49. Les œuvres de l’esprit[2]. — Il était naturel qu’après avoir rappelé ces œuvres de la chair, auxquelles est fermé le royaume de Dieu, il rappelât aussi les œuvres de l’esprit, qu’il nomme les fruits de l’esprit. « Au contraire, dit-il donc, les fruits de l’esprit sont : la charité, la joie, la paix, la patience, la bienveillance, la bonté, la foi, la mansuétude, la tempérance. » Il ajoute : « Contre de pareilles choses il n’y a point de loi ; » c’est pourrions faire comprendre que nous sommes sous la Loi, si ces vertus ne règnent pas en nous. Y règnent-elles ? Nous usons légitimement de la Loi, car la Loi n’est pas alors destinée à nous réprimer ; du reste la justice a pour nous des charmes meilleurs et plus puissants. Voici en effet ce que saint Paul écrit à Timothée : « Nous savons que la Loi est bonne, si on en use légitimement ; reconnais que la Loi n’est pas imposée au juste, mais que c’est aux injustes et aux insoumis, aux impies et aux pécheurs, aux scélérats et aux débauchés, aux assassins de père ou de mère, aux homicides, aux fornicateurs, aux sodomites, aux voleurs d’esclaves, aux menteurs, aux parjures et aux autres coupables que condamne la saine doctrine[3] ; » sous-entendez ici : que la Loi est imposée. Ainsi donc, les fruits de l’esprit règnent dans un homme, quand en lui ne règnent pas les péchés. Or ces fruits excellents y règnent quand ils charment assez pour retenir le cœur au moment des tentations et pour l’empêcher de tomber en consentant au péché. Il est nécessaire en effet que nous agissions conformément à ce qui nous charme le plus. Exemple : Voici devant quelqu’un l’image d’une belle femme, elle provoque des mouvements charnels ; mais si la beauté intime, si la pureté de la chasteté nous charme davantage, nous y conformons alors notre vie et nos œuvres, avec la grâce que donne la foi au Christ ; et le péché ne régnant plus en nous jusqu’à nous faire céder à ses impressions, la justice au contraire y exerçant son empire, nous faisons avec plaisir tout ce que nous savons être agréable à Dieu dans cette vertu. Ce que j’ai dit de la chasteté et du vice contraire, j’ai entendu qu’on l’applique à tous les autres cas.

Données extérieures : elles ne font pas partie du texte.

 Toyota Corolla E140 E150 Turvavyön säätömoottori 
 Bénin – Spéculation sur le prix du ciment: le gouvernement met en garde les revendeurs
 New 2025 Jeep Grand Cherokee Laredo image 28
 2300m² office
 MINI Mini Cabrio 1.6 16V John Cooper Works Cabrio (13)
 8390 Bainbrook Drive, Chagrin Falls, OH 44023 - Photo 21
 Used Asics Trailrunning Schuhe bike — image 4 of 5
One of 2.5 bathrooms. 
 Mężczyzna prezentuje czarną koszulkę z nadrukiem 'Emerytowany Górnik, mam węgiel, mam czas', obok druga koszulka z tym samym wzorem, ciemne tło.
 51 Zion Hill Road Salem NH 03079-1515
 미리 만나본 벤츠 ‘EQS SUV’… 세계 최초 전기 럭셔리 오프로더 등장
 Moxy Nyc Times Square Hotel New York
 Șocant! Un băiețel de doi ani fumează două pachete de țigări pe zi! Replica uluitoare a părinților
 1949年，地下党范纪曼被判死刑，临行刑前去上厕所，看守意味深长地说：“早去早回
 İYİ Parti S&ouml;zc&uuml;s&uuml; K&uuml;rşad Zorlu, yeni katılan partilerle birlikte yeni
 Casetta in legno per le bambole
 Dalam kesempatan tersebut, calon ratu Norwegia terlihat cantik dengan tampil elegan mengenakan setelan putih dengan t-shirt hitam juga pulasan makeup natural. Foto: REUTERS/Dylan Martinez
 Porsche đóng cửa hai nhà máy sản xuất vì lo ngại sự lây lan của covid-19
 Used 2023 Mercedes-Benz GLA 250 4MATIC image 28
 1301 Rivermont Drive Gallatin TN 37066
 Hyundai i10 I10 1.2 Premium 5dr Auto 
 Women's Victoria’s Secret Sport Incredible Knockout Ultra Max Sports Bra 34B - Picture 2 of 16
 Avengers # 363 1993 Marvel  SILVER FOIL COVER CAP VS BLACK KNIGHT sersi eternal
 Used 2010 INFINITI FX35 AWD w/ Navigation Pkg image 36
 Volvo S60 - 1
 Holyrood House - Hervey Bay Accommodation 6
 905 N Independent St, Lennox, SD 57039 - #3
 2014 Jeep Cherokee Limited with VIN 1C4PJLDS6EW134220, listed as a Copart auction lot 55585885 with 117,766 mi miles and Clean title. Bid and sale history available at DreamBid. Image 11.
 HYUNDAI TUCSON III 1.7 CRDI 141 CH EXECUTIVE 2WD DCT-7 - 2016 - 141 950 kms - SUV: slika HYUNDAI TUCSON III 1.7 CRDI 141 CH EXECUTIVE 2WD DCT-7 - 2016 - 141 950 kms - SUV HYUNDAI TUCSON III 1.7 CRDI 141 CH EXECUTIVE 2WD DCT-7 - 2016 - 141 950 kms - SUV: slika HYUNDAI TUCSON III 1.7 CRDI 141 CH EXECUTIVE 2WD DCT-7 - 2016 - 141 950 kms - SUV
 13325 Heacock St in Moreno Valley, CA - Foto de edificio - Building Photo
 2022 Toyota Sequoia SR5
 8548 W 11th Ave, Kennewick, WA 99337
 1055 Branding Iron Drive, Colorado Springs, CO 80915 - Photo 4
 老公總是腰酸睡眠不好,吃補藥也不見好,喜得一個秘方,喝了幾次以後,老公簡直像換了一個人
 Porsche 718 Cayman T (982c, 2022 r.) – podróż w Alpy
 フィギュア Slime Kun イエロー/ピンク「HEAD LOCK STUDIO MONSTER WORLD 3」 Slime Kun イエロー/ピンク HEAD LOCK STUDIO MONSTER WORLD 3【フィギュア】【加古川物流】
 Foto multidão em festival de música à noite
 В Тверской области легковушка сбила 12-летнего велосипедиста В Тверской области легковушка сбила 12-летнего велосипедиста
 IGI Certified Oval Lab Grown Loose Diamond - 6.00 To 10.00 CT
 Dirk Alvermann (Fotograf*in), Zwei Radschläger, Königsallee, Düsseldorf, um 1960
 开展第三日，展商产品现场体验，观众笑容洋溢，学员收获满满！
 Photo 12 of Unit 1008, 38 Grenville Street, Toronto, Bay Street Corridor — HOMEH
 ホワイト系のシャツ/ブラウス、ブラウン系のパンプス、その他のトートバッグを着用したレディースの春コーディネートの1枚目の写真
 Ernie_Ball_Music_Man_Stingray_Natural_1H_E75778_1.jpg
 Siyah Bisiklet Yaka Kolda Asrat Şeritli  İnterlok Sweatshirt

50. Enumérations diverses. – On pourrait s’étonner de voir, soit que les œuvres de la chair ne figurent ici ni dans le même nombre ni dans le même ordre que présente l’Épître aux Corinthiens ; soit que les œuvres spirituelles opposées aux vices charnels soient moins nombreuses que ces derniers ; soit enfin qu’à chaque vice ne corresponde pas exactement la vertu contraire, comme à la fornication correspond la chasteté, la pureté à l’impureté. Mais l’Apôtre n’a pas entrepris de faire connaître le nombre, il a voulu plutôt indiquer la nature des vices à fuir et des vertus à rechercher. Aussi en se servant des termes de chair et d’esprit entendait-il nous porter à éviter le péché et le châtiment du péché pour nous attacher à la grâce du Seigneur et à sa justice ; il craignait qu’en abandonnant durant la vie cette grâce qui a déterminé le Seigneur à mourir pour nous, nous ne parvinssions pas à l’éternel repos où pour nous aussi vit le Seigneur ; et qu’en ne comprenant point la portée du châtiment temporel que le Seigneur a daigné souffrir, pour nous dompter, en, endurant la mort dans sa chair, nous ne vinssions à tomber au milieu des châtiments éternels préparés à l’orgueil qui continue ses révoltes contre Dieu. Voilà pourquoi, après avoir rappelé plusieurs des œuvres de la chair, il ajoute : « Et autres vices semblables ; » montrant assez, par ces paroles, qu’il n’a point voulu faire une énumération bien exacte, mais indiquer seulement et sans gène ce qui se présentait à lui. Il fait de même quand il est question des fruits de l’esprit ; il ne dit pas Contre ces choses, mais : « Contre de pareilles choses il n’y a pas de loi ; » en d’autres termes, il n’y en a ni contre ce que je viens de rappeler, ni contre les vertus semblables.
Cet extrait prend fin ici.